Classification trees built using the CART algorithm have the advantage of being very easy to interpret and understand. However, that simplicity comes at a cost – in general, they do not classify as well as other classification algorithms and the trees constructed are not necessarily optimal even when applied to the dataset used to build the tree.

It has previously been demonstrated that the splits in a CART tree at the second and subsequent lower levels depend on the predictor used to perform the first split. For example, if predictor A is chosen as the top-level split, the resulting tree may be quite different than if predictor B is chosen. Yet when choosing the top level split variable, the CART algorithm does not consider subsequent splits in the tree. When determining each split, CART chooses a variable and a level of that variable for that split. CART calculates the gain for each split by looking at every potential predictor and every record in the dataset for every predictor.

CART has a singular focus. It looks only to maximize the gain generated at each immediate split. Thus CART is near-sighted. What is best for the immediate split is chosen even if it produces suboptimal results from the overall tree. In some cases, the gain of a variable and the level of that variable chosen by CART used for the top split is only slightly better than the split that would result from using a contending variable. Yet the overall tree that would result from a split on the contenting variable may outperform the tree produced by the original top-level variable.

CART calculates the gain for each split based on all of the records available. Sometimes splitting on one predictor produces only a slightly higher gain for the immediate split decision than would result from choosing the second best split variable. Indeed some input variables are so similar in the gain calculation for the immediate split, that were a few observations to be removed from the training dataset, another variable would be chosen. And if the second variable is chosen over the first, the performance of the resulting tree may outperform that of the tree built using the first variable as the top split. In other words, by removing a few observations from the training set, CART can choose to split on another variable—and the overall tree that results from the split can outperform a tree built using all of the records.

Solution to CART's Limitations: Random Forest

One way to remediate CART’s weaknesses would be to construct an algorithm that forces a different subset of variables to be chosen that have the potential to be chosen for the split. Then pick which variable in the smaller set produces the best split. A second way to remediate the problem would be to create a variety of samples from the available training records.

To accomplish this, researchers at The University of California, Berkeley, led by Leo Breiman and Adele Cutler came up with the idea of building multiple trees. Each tree generates a prediction. Then for categorical predictions, the prediction of the collection of trees (forest) is determined by a majority vote of the individual tree predictions. For continuous numeric prediction problems, the average values produces across the trees is used for the prediction.

They proposed that each tree be built using only a randomly sampled subset of the training observations and also designed the algorithm to force it to randomly select variables that fall within different subsets of predictor variables. Thus, the problem of one or two variables dominating split decisions is avoided.

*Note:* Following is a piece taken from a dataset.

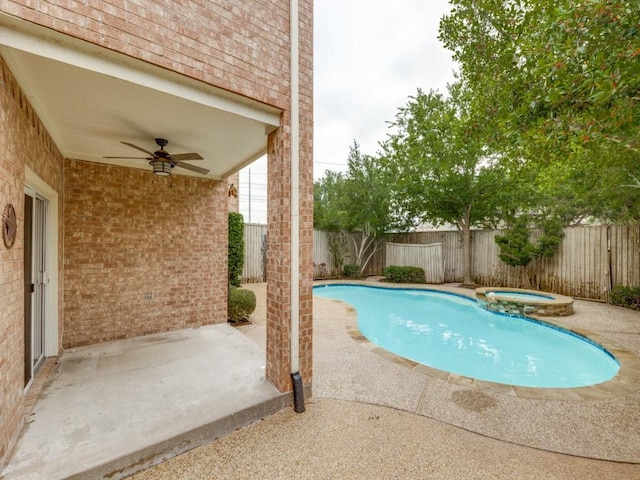 6505 Tamarron Ln, Plano, TX 75024 - view of pool featuring ceiling fan, a patio, a fenced backyard, and a pool with connected hot tub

They then proved that the resulting algorithm outperforms CART and other classification algorithms when they tested it on numerous benchmark datasets. Later they developed mathematical formulations demonstrating the superiority of the random forest algorithm over competing algorithms.

Advantages of Random Forests

They reported the following benefits of the random forest algorithm (Breiman, 2001):

  • It is often the most accurate algorithm of those currently available. High levels of predictive accuracy are delivered automatically.
  • It runs efficiently on large data bases.
  • There is no need for prior culling of many input variables down to a small number. The process handles variable selection automatically.
  • Because it draws many subsamples of the data, it avoids picking a single non-representative sample (sampling error) that can occur when only one random sample is drawn to create the training dataset.
  • Random forests tend to not overfit the data.